* [SUPPLIED INFORMATION]:

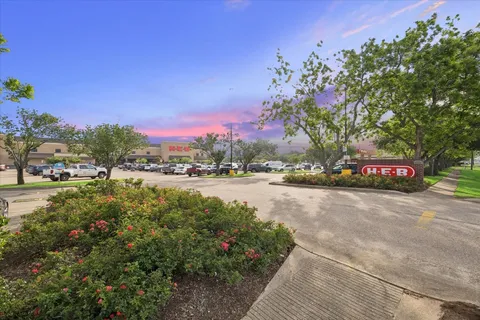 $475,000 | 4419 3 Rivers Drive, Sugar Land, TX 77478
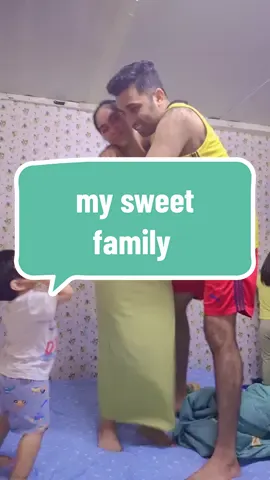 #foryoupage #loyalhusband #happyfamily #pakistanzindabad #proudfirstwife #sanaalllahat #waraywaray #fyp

--

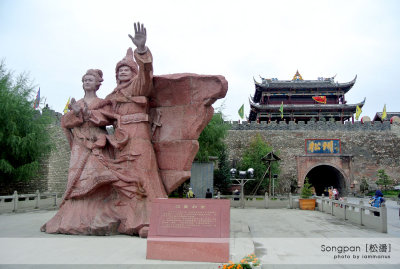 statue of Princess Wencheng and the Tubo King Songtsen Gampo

* * *

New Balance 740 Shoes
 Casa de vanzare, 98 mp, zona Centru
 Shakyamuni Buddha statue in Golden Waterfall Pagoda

* [TASK DESCRIPTION]: Using the entries above, repeat exactly the lines from the one with "Land, TX 77478" to the one with "#foryoupage #loyalhusband #happyfamily", both included, and leave the pictures behind.

* [TASK RESULT]:
 $475,000 | 4419 3 Rivers Drive, Sugar Land, TX 77478
 #foryoupage #loyalhusband #happyfamily #pakistanzindabad #proudfirstwife #sanaalllahat #waraywaray #fyp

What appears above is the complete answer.